[Task goal]
Your answer should be the lines below from the one holding "Đại Từ nâng" through the one holding "Red-footed Booby - ML635295137", copied exactly and with nothing else.
Material provided section start
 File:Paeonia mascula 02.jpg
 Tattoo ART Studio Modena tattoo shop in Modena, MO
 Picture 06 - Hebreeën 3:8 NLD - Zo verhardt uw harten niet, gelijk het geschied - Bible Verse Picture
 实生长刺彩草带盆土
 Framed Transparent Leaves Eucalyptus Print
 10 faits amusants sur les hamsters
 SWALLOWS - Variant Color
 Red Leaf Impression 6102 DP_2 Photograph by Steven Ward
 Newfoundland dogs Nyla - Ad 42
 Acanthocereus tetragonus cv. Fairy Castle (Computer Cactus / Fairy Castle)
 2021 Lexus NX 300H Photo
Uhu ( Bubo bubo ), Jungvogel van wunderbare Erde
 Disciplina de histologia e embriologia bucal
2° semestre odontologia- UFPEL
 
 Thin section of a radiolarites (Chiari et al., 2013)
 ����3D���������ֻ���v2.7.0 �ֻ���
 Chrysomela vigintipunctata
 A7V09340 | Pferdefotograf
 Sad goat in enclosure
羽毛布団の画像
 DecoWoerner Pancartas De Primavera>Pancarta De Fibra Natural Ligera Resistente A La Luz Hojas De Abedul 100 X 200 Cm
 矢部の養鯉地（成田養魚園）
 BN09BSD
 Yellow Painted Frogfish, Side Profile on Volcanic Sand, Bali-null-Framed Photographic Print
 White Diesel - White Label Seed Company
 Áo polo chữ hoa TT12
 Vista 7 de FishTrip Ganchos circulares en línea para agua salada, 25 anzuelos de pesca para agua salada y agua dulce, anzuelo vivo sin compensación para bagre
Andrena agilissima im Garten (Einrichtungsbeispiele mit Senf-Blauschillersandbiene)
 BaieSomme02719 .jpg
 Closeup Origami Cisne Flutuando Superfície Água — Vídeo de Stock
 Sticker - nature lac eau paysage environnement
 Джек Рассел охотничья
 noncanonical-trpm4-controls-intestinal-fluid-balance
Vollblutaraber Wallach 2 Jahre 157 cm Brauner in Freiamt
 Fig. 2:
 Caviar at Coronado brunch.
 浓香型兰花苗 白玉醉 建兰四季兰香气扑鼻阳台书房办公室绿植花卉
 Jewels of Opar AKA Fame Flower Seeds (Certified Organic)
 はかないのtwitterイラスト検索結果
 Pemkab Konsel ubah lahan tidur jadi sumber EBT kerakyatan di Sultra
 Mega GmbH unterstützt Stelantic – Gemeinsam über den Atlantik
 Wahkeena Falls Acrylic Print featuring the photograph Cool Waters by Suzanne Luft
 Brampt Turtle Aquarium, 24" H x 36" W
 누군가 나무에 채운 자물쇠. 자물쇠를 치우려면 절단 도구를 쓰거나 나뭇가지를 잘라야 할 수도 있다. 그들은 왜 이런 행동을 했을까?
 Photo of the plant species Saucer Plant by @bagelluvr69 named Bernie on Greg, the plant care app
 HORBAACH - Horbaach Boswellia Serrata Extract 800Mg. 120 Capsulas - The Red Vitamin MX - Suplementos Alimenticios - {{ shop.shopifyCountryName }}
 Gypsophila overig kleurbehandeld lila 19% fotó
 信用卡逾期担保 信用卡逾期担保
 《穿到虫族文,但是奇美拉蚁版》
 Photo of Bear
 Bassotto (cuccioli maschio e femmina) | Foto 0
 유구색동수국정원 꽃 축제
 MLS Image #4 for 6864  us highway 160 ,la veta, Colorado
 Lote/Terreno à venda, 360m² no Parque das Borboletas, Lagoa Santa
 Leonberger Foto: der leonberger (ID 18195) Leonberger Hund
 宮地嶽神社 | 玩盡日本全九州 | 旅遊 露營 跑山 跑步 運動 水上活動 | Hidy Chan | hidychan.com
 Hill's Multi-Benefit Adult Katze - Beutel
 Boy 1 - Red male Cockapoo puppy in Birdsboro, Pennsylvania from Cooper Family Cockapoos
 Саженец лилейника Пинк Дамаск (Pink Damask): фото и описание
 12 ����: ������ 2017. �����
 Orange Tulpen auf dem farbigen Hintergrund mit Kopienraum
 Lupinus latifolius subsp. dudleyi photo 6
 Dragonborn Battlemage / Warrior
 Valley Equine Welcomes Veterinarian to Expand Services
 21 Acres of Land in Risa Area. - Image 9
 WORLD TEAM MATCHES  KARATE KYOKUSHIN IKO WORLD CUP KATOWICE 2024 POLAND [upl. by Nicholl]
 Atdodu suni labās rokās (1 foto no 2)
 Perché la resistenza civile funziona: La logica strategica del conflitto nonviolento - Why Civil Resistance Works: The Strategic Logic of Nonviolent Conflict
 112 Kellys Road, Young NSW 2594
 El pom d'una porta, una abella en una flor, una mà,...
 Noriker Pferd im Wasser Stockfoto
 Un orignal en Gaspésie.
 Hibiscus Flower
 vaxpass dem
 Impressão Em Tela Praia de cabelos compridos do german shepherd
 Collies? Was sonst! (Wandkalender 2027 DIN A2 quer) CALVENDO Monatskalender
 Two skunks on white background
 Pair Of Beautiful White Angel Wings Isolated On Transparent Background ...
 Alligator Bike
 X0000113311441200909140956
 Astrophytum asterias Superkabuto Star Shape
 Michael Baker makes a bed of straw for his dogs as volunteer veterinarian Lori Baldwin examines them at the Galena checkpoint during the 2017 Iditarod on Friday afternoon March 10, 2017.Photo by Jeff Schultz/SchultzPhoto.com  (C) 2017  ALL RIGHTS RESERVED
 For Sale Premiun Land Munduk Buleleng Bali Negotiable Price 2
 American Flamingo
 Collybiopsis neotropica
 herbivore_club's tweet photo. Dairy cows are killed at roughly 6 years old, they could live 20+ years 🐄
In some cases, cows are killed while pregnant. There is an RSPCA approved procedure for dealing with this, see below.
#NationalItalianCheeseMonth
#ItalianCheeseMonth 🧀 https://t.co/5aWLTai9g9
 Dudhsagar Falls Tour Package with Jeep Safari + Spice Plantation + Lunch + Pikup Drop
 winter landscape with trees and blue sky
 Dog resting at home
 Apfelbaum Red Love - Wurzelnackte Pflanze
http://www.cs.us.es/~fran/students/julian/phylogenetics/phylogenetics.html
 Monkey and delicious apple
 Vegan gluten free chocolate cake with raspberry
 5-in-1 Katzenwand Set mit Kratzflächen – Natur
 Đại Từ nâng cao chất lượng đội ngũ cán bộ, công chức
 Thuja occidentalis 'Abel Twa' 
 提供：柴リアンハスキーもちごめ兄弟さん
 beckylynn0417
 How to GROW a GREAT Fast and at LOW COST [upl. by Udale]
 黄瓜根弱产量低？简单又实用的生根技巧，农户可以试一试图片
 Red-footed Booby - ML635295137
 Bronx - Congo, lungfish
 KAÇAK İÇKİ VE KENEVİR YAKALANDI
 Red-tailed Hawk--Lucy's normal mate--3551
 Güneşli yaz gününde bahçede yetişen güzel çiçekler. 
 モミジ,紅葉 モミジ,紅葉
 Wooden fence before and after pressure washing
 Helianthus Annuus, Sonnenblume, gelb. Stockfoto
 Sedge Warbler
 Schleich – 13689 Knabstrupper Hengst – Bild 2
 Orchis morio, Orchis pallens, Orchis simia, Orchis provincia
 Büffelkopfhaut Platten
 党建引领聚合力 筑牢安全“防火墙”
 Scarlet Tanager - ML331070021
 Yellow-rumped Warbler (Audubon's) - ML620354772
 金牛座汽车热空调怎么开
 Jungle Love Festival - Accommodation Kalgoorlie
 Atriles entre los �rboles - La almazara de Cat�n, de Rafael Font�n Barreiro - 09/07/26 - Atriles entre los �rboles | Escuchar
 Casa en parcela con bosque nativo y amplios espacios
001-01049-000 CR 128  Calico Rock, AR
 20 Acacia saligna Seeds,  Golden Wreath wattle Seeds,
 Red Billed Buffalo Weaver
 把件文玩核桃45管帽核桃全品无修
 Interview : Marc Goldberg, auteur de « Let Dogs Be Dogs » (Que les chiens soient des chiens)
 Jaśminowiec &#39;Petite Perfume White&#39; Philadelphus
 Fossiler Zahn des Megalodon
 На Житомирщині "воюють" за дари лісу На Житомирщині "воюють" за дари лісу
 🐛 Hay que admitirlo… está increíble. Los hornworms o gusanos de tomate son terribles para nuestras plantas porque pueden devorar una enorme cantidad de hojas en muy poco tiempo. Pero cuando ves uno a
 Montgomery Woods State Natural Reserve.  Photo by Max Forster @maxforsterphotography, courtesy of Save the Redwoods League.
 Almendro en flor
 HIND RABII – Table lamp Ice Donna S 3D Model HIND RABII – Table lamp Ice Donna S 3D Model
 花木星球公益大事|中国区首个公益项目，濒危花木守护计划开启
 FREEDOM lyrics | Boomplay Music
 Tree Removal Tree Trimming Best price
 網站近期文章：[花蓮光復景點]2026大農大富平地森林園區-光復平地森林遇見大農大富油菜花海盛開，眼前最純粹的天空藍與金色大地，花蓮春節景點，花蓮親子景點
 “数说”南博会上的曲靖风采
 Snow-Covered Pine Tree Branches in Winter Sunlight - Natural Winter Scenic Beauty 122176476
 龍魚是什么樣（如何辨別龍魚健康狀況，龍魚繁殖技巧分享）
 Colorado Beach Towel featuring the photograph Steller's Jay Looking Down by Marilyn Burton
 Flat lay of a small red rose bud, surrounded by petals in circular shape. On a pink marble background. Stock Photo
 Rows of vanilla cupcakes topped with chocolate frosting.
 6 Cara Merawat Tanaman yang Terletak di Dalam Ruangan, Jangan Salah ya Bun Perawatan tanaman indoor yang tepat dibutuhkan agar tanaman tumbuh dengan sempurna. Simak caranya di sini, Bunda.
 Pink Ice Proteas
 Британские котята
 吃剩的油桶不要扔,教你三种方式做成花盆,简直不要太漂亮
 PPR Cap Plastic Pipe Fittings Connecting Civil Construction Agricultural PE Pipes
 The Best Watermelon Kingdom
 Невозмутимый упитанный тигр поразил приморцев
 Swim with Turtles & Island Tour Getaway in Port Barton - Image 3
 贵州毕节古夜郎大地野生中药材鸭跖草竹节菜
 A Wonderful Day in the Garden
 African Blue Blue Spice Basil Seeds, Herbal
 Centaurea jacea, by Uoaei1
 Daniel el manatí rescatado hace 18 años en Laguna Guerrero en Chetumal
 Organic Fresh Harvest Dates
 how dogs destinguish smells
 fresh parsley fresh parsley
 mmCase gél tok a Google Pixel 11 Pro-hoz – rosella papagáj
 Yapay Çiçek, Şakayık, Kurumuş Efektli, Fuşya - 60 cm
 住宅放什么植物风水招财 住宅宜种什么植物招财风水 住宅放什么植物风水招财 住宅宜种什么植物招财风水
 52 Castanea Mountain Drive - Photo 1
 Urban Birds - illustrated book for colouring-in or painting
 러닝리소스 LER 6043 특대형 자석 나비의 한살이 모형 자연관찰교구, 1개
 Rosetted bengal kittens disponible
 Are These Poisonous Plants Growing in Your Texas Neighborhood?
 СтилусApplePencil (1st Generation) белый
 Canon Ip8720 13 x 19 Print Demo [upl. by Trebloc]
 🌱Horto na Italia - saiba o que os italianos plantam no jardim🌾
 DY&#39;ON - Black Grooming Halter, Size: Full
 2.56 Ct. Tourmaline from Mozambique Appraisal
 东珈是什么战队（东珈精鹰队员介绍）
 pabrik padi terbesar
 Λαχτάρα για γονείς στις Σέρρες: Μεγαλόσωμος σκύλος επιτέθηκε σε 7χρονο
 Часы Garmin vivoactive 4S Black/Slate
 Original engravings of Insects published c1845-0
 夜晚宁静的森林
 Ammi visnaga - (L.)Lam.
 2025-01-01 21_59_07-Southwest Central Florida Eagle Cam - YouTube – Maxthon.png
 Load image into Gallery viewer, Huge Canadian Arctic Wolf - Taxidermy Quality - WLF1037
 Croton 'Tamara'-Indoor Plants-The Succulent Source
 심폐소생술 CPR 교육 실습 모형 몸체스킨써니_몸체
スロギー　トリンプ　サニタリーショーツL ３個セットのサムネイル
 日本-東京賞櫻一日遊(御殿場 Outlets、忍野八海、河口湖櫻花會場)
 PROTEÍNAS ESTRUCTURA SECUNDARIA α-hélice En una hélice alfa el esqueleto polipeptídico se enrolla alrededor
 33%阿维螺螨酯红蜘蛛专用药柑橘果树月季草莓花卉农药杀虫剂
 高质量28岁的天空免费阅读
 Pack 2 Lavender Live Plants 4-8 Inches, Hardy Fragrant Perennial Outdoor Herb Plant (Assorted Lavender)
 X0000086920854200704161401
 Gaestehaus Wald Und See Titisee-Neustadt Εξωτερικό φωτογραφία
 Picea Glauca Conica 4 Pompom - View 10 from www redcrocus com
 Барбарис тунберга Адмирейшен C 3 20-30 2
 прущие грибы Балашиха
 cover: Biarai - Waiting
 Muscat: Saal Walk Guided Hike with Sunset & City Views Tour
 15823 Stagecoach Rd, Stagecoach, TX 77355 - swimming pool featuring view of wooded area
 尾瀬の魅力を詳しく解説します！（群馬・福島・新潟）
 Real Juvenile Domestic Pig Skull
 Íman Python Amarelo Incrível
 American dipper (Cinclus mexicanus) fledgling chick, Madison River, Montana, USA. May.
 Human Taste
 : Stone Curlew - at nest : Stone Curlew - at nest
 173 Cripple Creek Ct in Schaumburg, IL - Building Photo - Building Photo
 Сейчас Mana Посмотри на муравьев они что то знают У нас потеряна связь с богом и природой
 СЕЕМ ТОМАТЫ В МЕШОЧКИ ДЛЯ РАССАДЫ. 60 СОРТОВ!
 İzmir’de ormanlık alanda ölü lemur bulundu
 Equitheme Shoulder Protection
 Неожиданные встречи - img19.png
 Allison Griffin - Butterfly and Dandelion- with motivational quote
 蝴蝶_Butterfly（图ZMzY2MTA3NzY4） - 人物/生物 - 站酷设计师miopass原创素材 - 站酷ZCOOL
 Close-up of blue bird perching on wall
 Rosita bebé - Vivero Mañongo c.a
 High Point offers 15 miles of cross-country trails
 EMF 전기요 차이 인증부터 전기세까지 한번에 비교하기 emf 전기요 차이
Material provided section end
[Exercise solution]
 Đại Từ nâng cao chất lượng đội ngũ cán bộ, công chức
 Thuja occidentalis 'Abel Twa' 
 提供：柴リアンハスキーもちごめ兄弟さん
 beckylynn0417
 How to GROW a GREAT Fast and at LOW COST [upl. by Udale]
 黄瓜根弱产量低？简单又实用的生根技巧，农户可以试一试图片
 Red-footed Booby - ML635295137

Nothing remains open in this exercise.